Data items
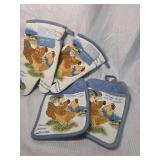 Essential Home Country Chicken Oven Mitts Set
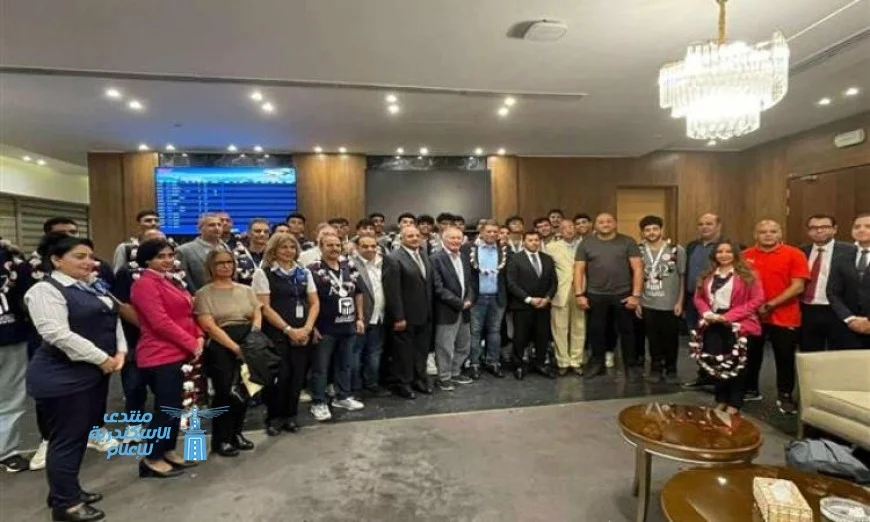 وزير الشباب والرياضة يكرم منتخب ناشئي اليد بعد حصوله على لقب الوصيف في بطولة العالم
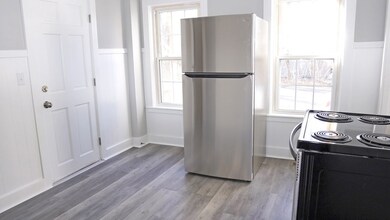 40-r Pine St unit 2, Taunton, MA 02780 - photo 3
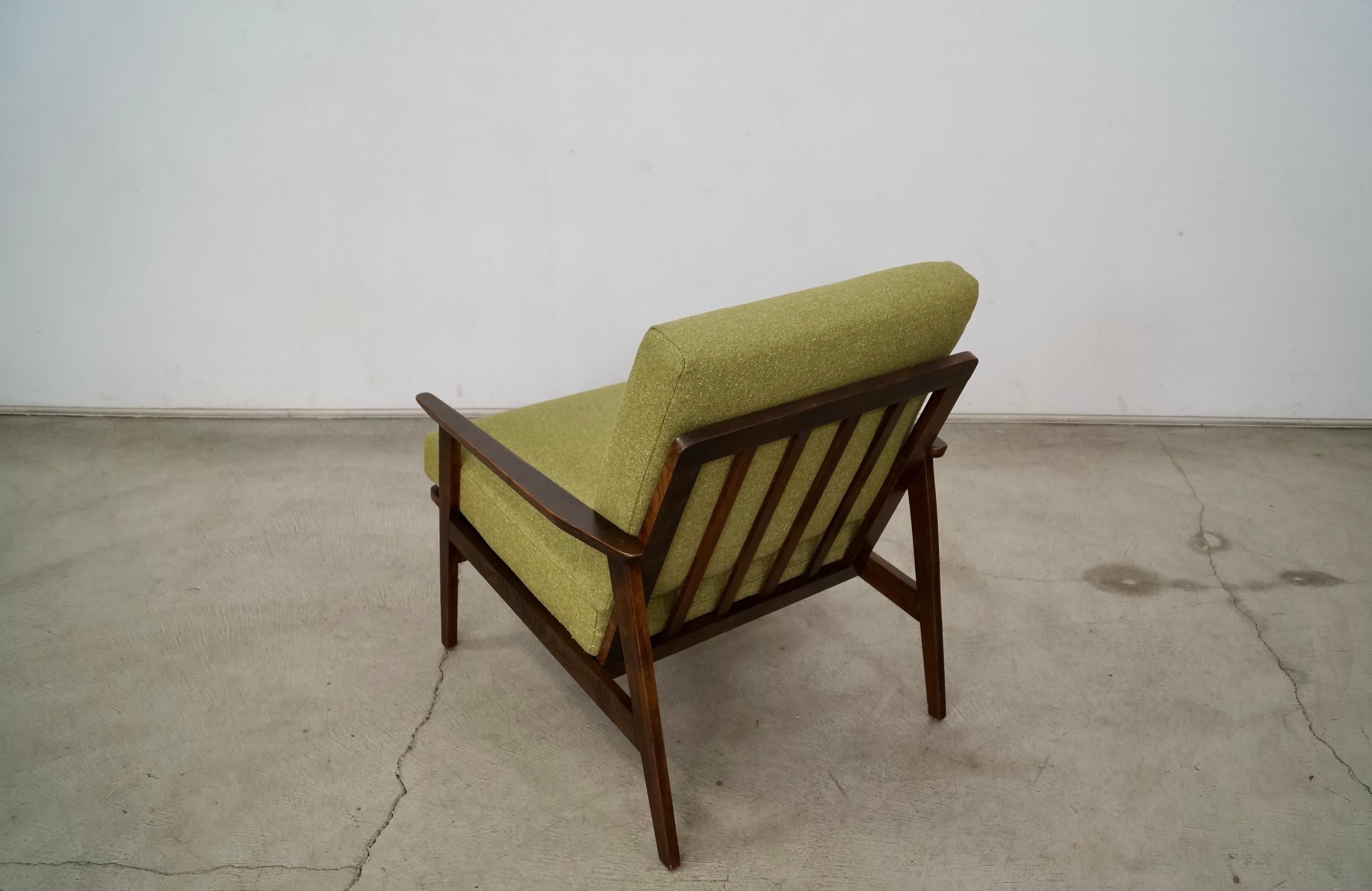 Fauteuil de salon mi-siècle moderne des années 1950 en vente 3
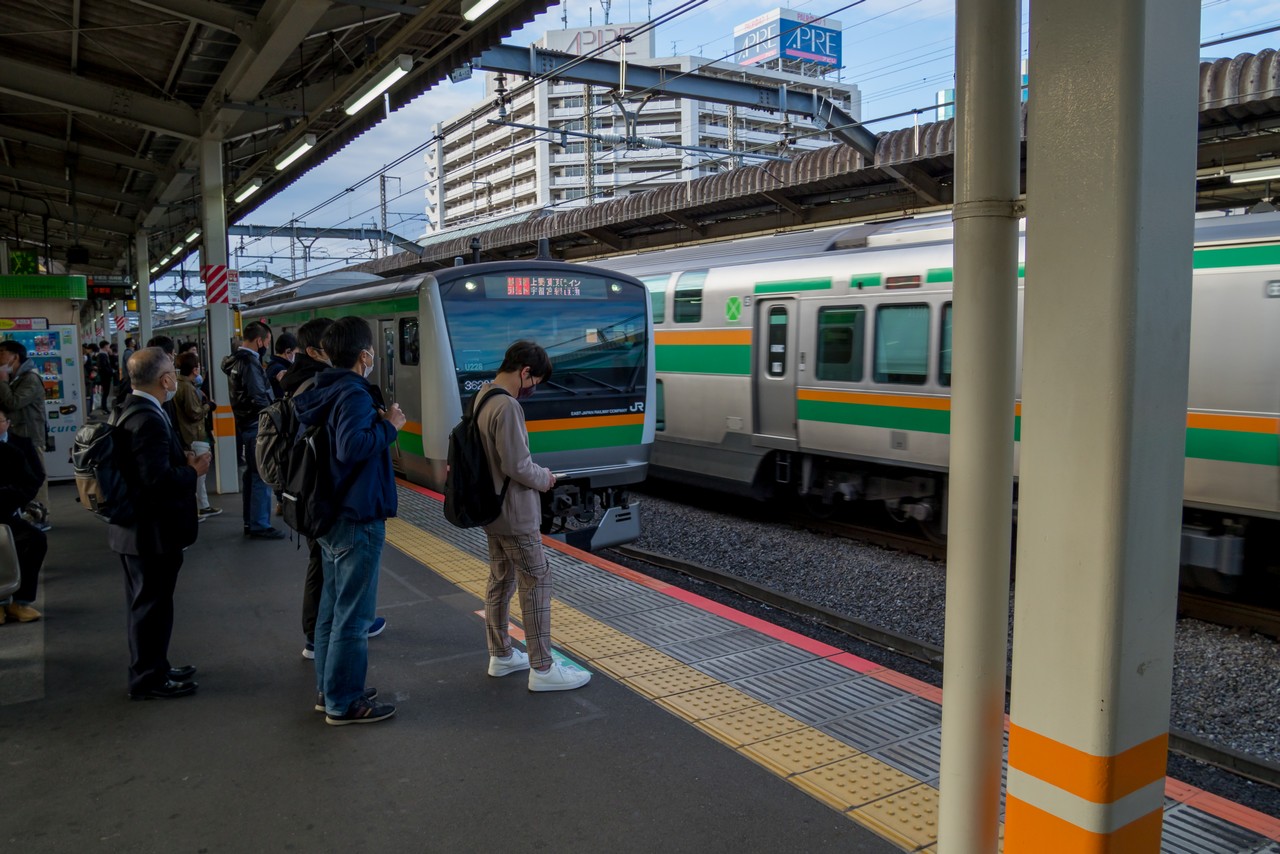 ＪＲ赤羽駅に入線する上の東京ライン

Aim of the task
Apart from the pictures, set down all the entries above exactly.

Output for this exercise
 Essential Home Country Chicken Oven Mitts Set
 وزير الشباب والرياضة يكرم منتخب ناشئي اليد بعد حصوله على لقب الوصيف في بطولة العالم
 40-r Pine St unit 2, Taunton, MA 02780 - photo 3
 Fauteuil de salon mi-siècle moderne des années 1950 en vente 3
 ＪＲ赤羽駅に入線する上の東京ライン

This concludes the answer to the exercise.